AI/ML projects need specialist skills in addition to the skills required for traditional software development. In particular, Data Science, and AI/ML research and engineering skill sets are vital in implementing AI/ML solutions. There may be cases where taking and applying an off-the-shelf product will deliver the desired outcomes. However, in my opinion, this is unlikely to be the case the majority of the time, and as soon as an off-the-shelf product fails to meet requirements, it doesn’t take long before fairly deep expertise is required.
Data is the fuel that powers AI/ML projects. Access to data of sufficient volume, quality and relevance is critical in being able to develop and test AI/ML products. Therefore, the data capabilities and assets of the organisation are key, and having quality data sets that are discoverable and accessible in a self-serve way is vital to success.
Testing AI/ML products is more complex than traditional software. In addition to all the traditional failure modes, there is an additional level of testing required to evaluate model performance. Whereas traditional testing is pass/fail, AI/ML systems can have non-deterministic, stochastic outputs, so different approaches to measuring quality are required. Often there is a subjective element that requires Subject Matter Experts to be involved in assurance, and statistical approaches including the measurement of training and output biases.
Tooling and infrastructure
Much of the tools and infrastructure required are the same as for traditional software development (source control, CI/CD, hosting infrastructure). However, there are additional tools required such as data exploration, visualisation, experiment tracking, and notebooks amongst others.

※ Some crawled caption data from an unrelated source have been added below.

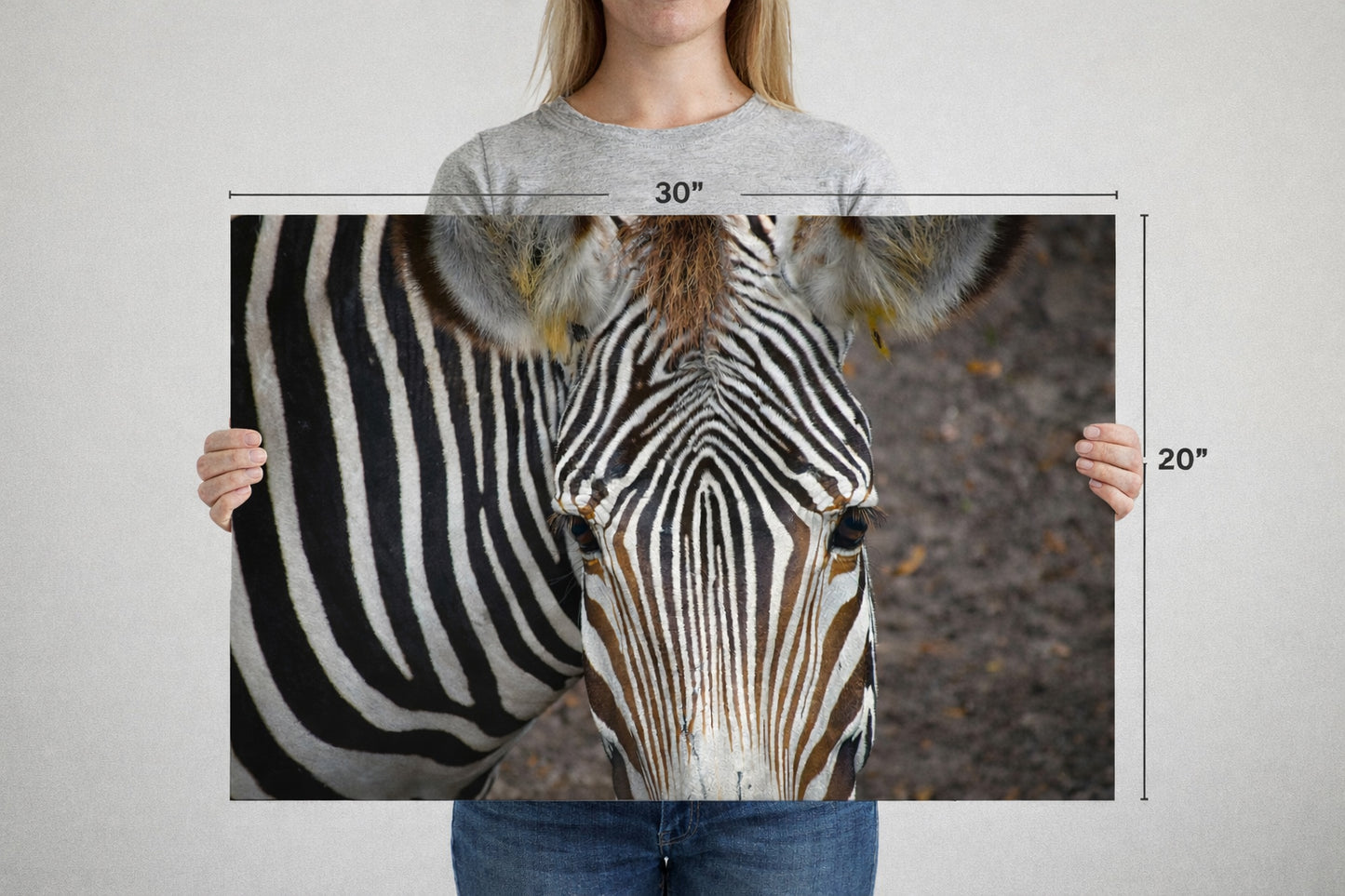 Zebra Face – Fine Art Wildlife Photography for Home Decor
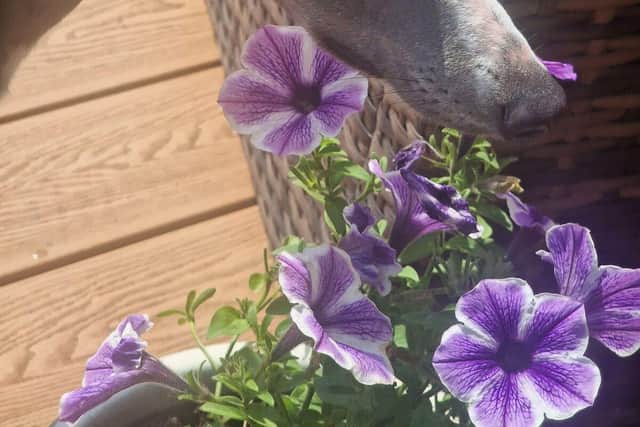 Luna is back to her old self after undergoing treatment for Addison’s Disease.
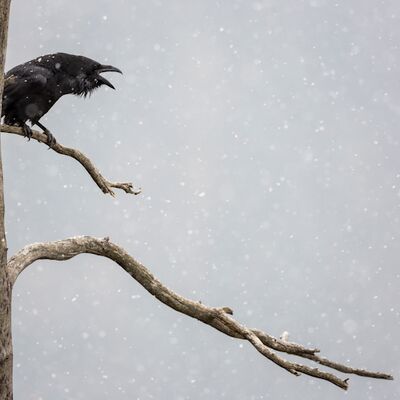 1. Platz: Manuel Plaickner - Kolkrabe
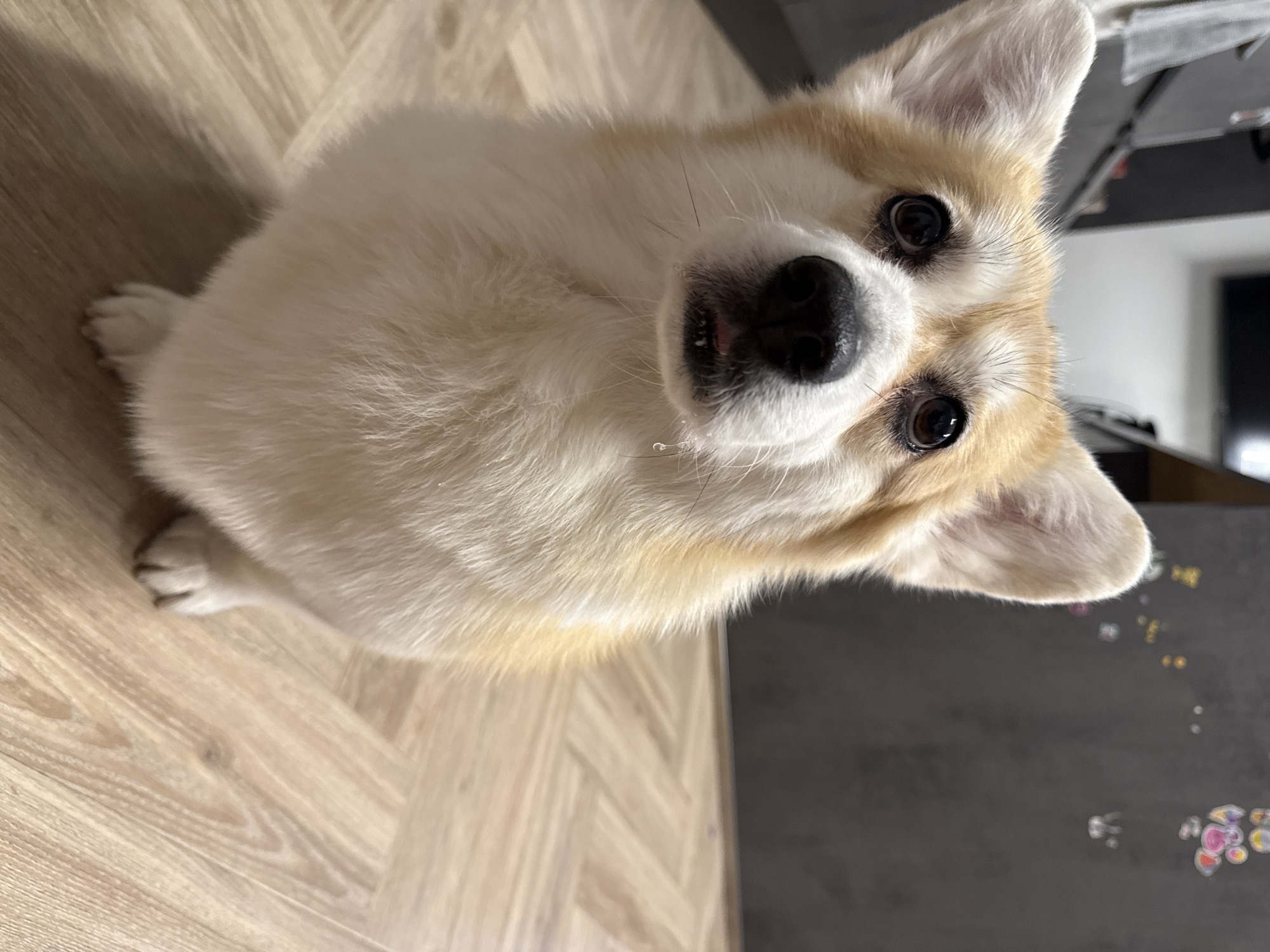 A Corgi dog with cream and light tan fur is depicted in an indoor setting in Krasnoyarsk, Russia. The dog is positioned centrally, looking directly up at the viewer with an attentive and curious expression, its dark, round eyes wide open. Its ears are pricked up, and its black nose appears slightly wet. A hint of pink tongue is visible, and a small drop of moisture can be seen near its mouth, suggesting it might be drooling slightly. The dog is sitting on a light-colored wooden floor with a parquet pattern, and one white, furry paw is visible to the left. In the background, particularly on the right side of the image, a dark, matte surface, possibly furniture or a wall, is visible. This surface has several small, colorful, iridescent stickers or decorations adhering to it. The lighting is bright and even, characteristic of an indoor environment. No text is visible in the image.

Given the dynamic nature of the work, self-serve access to these tools and infrastructure is vital to enable tight feedback loops when experimenting.
The importance of a research culture
In my view, this is the most important and often overlooked difference between the capabilities required for traditional software engineering and those required for AI/ML projects: expertise in the effective management of research projects. It is not fair to assume that your software engineers or engineering leaders will have any expertise in this area – it has not been a requirement of them on software development projects until now.
The development of AI/ML products carries a lot of uncertainty and has as much in common with research as it does with engineering. Whilst MLOps and DevOps mention experimentation as a key capability, they leave out the skills and cultural elements required to successfully perform research in a commercial setting.
Research is concerned with asking and answering questions, whereas engineering is concerned with building things. Engineering organisations are not always set up with the cultural mindset of performing research. Embracing this different perspective is important. If the difference is not recognised, it can lead to inefficient delivery of research-heavy projects, friction within delivery teams composed of research and engineering roles, and organisational expectations being misaligned with the reality of delivering products with high levels of uncertainty.
Building these skills and fostering a research culture is in my opinion one of the most – if not the most – important factors for success in incorporating AI/ML into products and services. Only in this way can you ensure that hypotheses and experiments are well-defined, and that research is well-directed and remains focused.
To wrap up, we have identified some broad areas where developing AI/ML solutions is different from traditional software development. However, the maturity required in each of these areas will be driven by the characteristics of applications and the business context in which they are deployed. In addition, building research skills and culture is an important factor in success. Both of these topics will be addressed in more detail in an upcoming white paper.